Exact reproduction of all the data is required, with pictures excluded.

Provided data:
----------

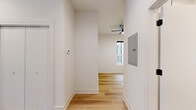 Located in Chicago's vibrant West Loop neighborhood, this well-appointed one-bedroom, one-bathroom unit offers a thoughtfully designed layout with modern finishes throughout. Light hardwood flooring flows continuously across the entire single-floor plan, complementing the clean, neutral color palette and creating a cohesive, airy feel.

The open-concept kitchen and living area serves as the heart of the unit. The kitchen is outfitted with wood-toned cabinetry featuring matte black hardware, white quartz countertops, a full suite of stainless steel appliances including a gas range, dishwasher, built-in microwave, and full-size refrigerator. A generous kitchen island with pendant lighting anchors the space and provides additional prep and seating area. Multiple windows flood the kitchen with natural light and offer views of the surrounding neighborhood.

The bedroom is a calm, well-proportioned retreat featuring a ceiling fan, a window for natural light, and a full double-door closet for ample storage. The bathroom continues the modern design language with wood-finish vanity cabinetry, white quartz surfaces, a large mirror, and matte black fixtures throughout. A private balcony with black steel railings offers outdoor space with open city views, rounding out this stylish urban residence.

----------

Task output:
 Located in Chicago's vibrant West Loop neighborhood, this well-appointed one-bedroom, one-bathroom unit offers a thoughtfully designed layout with modern finishes throughout. Light hardwood flooring flows continuously across the entire single-floor plan, complementing the clean, neutral color palette and creating a cohesive, airy feel.

The open-concept kitchen and living area serves as the heart of the unit. The kitchen is outfitted with wood-toned cabinetry featuring matte black hardware, white quartz countertops, a full suite of stainless steel appliances including a gas range, dishwasher, built-in microwave, and full-size refrigerator. A generous kitchen island with pendant lighting anchors the space and provides additional prep and seating area. Multiple windows flood the kitchen with natural light and offer views of the surrounding neighborhood.

The bedroom is a calm, well-proportioned retreat featuring a ceiling fan, a window for natural light, and a full double-door closet for ample storage. The bathroom continues the modern design language with wood-finish vanity cabinetry, white quartz surfaces, a large mirror, and matte black fixtures throughout. A private balcony with black steel railings offers outdoor space with open city views, rounding out this stylish urban residence.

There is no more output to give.